Monday, May 25, 2015

Punditry Gone Mad

Punditry is all mad, of course, and is mainly about confirming audience biases. Here's a particularly egregious example from the camera industry.

A popular column (essay, blog post), oft repeated by the internet-famous, runs thus:

The camera industry is in trouble, sales are dropping, fast. People are taking more and more pictures with cell phones and buying fewer and fewer real cameras. The solution for camera makers is to woo the cell phone users to real cameras, and the way to do that is to put such and such feature into a camera.

The fact that Nikon et al don't is evidence that they are stupid, and that I am smart.

This is unadulterated pandering.
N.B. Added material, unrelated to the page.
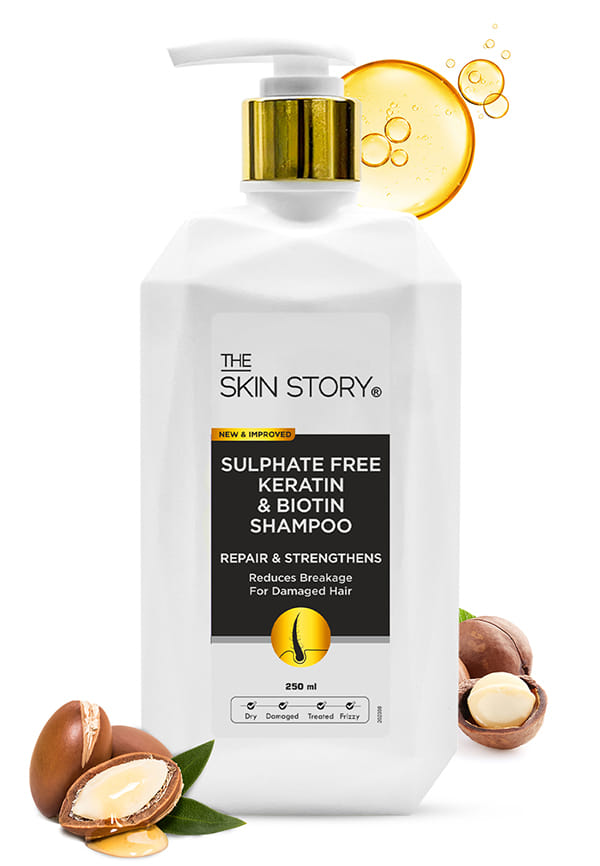 Sulphate Free Keratin Biotin Shampoo For Damaged Hair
The implication is that the audience, being very much like the pundit, are also smarter than Nikon management. Then a jolly good time can be had arguing about precisely which mix of obscure features would save Nikon from the cell phones, and everyone gets to feel very clever and they get to have a great time talking about one of their favorite things, fancy cameras.

Somewhere in here is the planted assumption that cell phone users can be wooed, en masse, to cameras, if only you got the mix of features right. An essential part of this assumption is that cell phone picture-takers are dissatisfied with the phone's camera.
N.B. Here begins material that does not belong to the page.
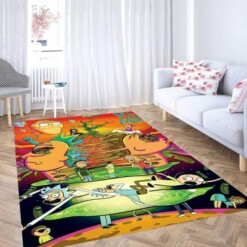 Rick And Morty Wallpapers Carpet Rug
It fails them in low light. Sometimes it fails them shooting action. Therefore, the argument goes, the cell phone picture-taker is simply waiting for a better solution.

The problem here is that the cell phone picture-taker doesn't care. Oh, they're a little sad the pictures didn't work out, but they're not crushed.

Because pictures are disposable ephemera, and simply not important.

This is the vital point the average internet camera enthusiast cannot grasp. Pictures are not important. Image quality is not important.

To the average reader of Thom Hogan, LuLa, Ming Thein, and no doubt dozens of others, this is a literally incomprehensible attitude. No wonder the aforementioned pat bit of canned rumination, coughed up whenever there's nothing else to bleat about, always sells so well.

Without understanding how people understand photographs, in the mass, you cannot begin to understand how to sell photograph-taking equipment.

And the internet-famous pundits, mostly, don't understand.